How does cluster analysis help in developing market segments?

 

Marketing is becoming more data-driven

A key starting point in the development of any marketing strategy is the identification and selection of target markets. As a profession, marketing is becoming far more data driven and the reliance upon supporting statistics is increasing.

In the past, it was probably acceptable to generally define the firm’s target market. However, in today’s data world, expectations are that target markets and market segments have been statistically determined based on available information.That is where cluster analysis comes into play, as it is able to assist in transforming large amounts of data into organized and grouped information that form the basis of market segments.

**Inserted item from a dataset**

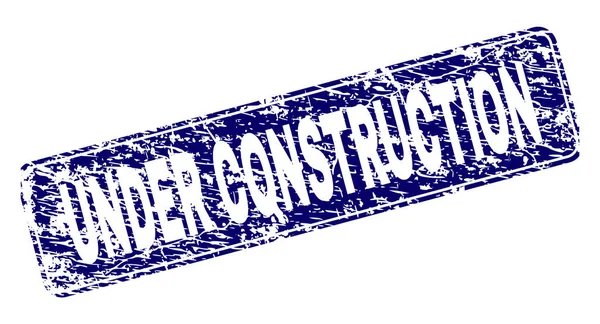 Grunge UNDER CONSTRUCTION กรอบสี่เหลี่ยมผืนผ้า — ภาพเวกเตอร์สต็อก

How cluster analysis helps in the market segmentation process

Cluster analysis is an aid to the market segmentation process because of the following reasons:

  • It provides a valid statistical basis to group consumers on key marketing variables,
  • It enables a marketing analyst to consider many alternative ways of segmenting the market, by using/considering different marketing variables and consumer descriptors,
  • It provides a measurement of the size of each segment, relative to the total market,
  • It provides measures to the degree of similarity of consumers within each segment,
  • It will classify each consumer into a particular segment/group – and once classified, other related information and data can be organized to construct a segment profile description that can be used to assist in developing  an effective marketing strategy.

Main weaknesses of cluster analysis

While cluster analysis can be quite beneficial in the market segmentation process, it should be used with care. This is because cluster analysis just is a statistical process without any logical understanding of the data – it just groups the data that it is given.

Therefore, a key part of the successful outcome of cluster analysis relies upon the marketing analyst determining the suitable marketing variables to include in the analysis. The marketing analyst will also need an understanding of what makes a viable and effective market segment.

Without these particular skills and consideration, it is possible that groups may be formed from a data perspective only – and the resultant “market segments” may not be very usable for the firm’s marketing strategy.